Mais à force d’en rajouter, ce folklore débordant confine à l’écœurement : chaque monstre ou chaque environnement a droit à son chapitre qui, invariablement, fait le récit d’un conte gothique au dénouement cruel. Au départ, ces histoires violentes de désir et de châtiment favorisent l’immersion dans un monde aux décors somptueux, surgis de douleurs humaines et qui auraient sans doute converti Dalí ou Bosch aux jeux vidéo. Mais rapidement, le joueur est assommé par la répétition d’écrits plutôt moyens, littérairement parlant, d’autant que le scénario principal consiste lui-même en un texte lu par une voix outrancière. Trop de mots qu’on en oublie l’évocation saisissante des décors et des personnages, assourdi que l’on est par le son des pages qui se tournent encore et encore. C’est d’autant plus dommage que l’aspect visuel de Soul Sacrifice (notamment son bestiaire grotesque) représente la grande force du titre.

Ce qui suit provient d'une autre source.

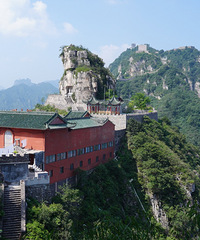 轿顶山记:石阶上的光阴与风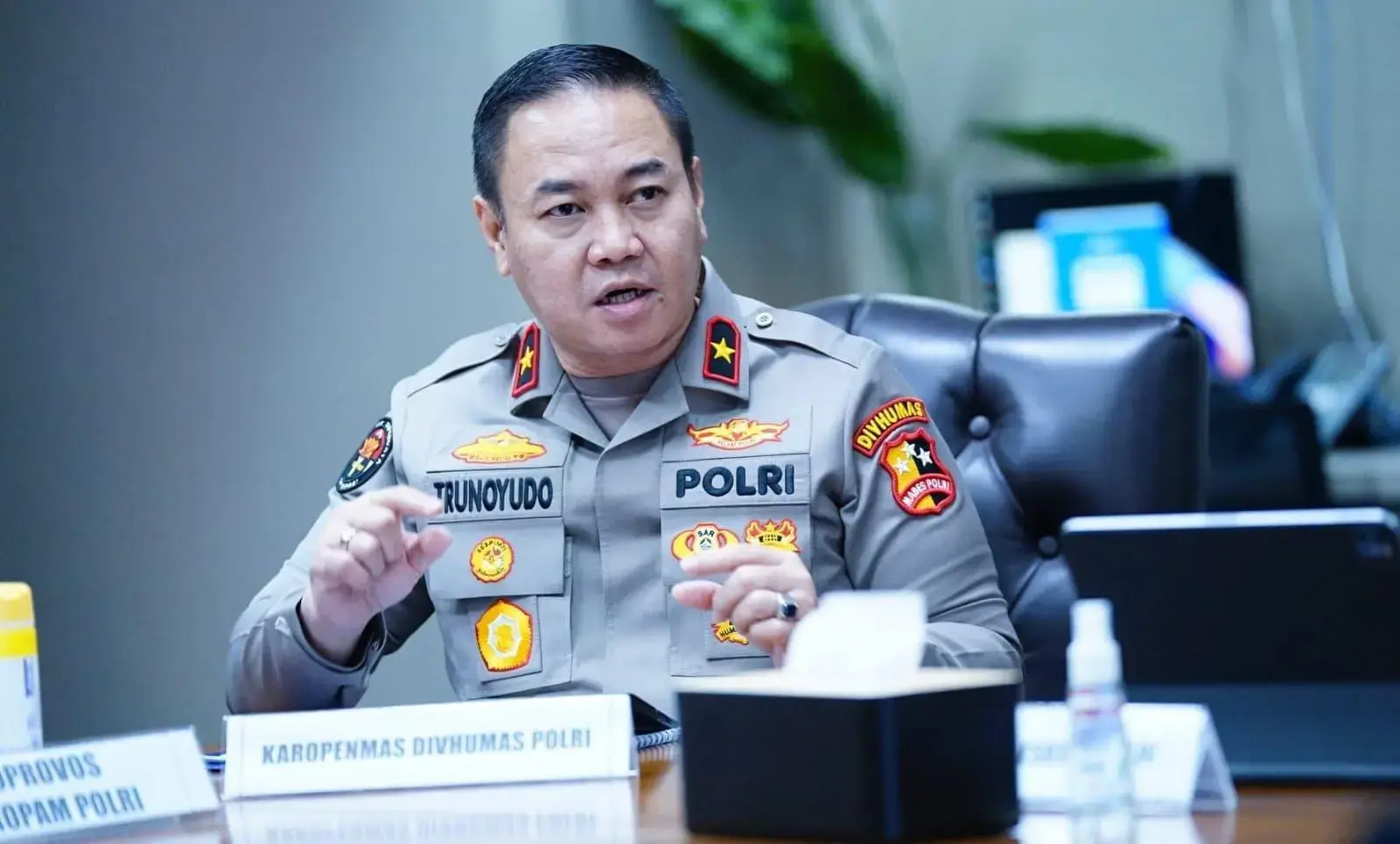 lampung-regional-police-chief-monitor-the-autopsy-process-of-his-three-fallen-members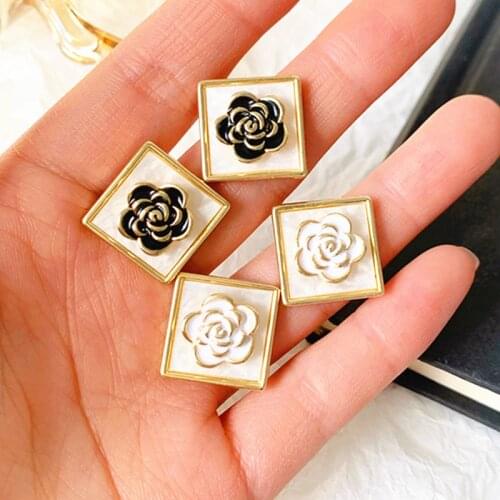 French Camellia Black White Enamel Glaze Oil Drop Earrings Korean Vintage Temperament Silver Needle Rose Flower Clip Earrings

Les développeurs ne s’y sont pas trompés, « grim » est l’adjectif qui qualifie le mieux Soul Sacrifice. D’abord, parce que l’univers désolé qu’il dépeint est effectivement sinistre ; ensuite, parce que le jeu possède quelque chose d’obscur et de décourageant. Agrémentée d’une quantité astronomique de contenu, cette version Delta semble inépuisable. De prime abord, il est difficile de se retrouver dans l’interface et les sous-menus enfouis parmi les appendices d’un ensemble rapiécé, souvent pris au piège de sa propre générosité. Une fois l’objet devenu familier, on navigue entre des joutes dantesques – encore plus impressionnantes graphiquement que l’an dernier – en y récoltant bonus, armes et sortilèges par douzaines. Pour un genre qui est par nature redondant, cette accumulation est-elle finalement une amélioration ?

Il n’est pas interdit de s’interroger sur l’intérêt réel des Monster Hunter-like, sortes d’usines à contenu qui sont rarement autre chose que des passe-temps fanfaronnants, des apothéoses sans liant, des protéines sans consistance. Pour peu qu’il ne soit pas un inconditionnel des rixes en réseau et du grinding infini, le joueur regrettera que Soul Sacrifice Delta finisse par ressembler aux sorciers maudits qu’il met en scène : des monstres en devenir, progressivement consommés par leur insatiable appétit jusqu’à être transformés en chimères boursouflées. Il y a trop, mais en même temps pas assez. On aura finalement passé son temps à casser du monstre dans des arènes, à paramétrer des sorts dans des menus et à feuilleter des pages de textes. Rien de plus. Avec de telles intentions romanesques, de tels décors, où sont passées les phases de découverte, les séquences de voyage et les bouffées d’aventure ? C’est à ces passages réservés aux nombreuses ellipses du récit, perdus entre les lignes, qu’on aurait aimé jouer.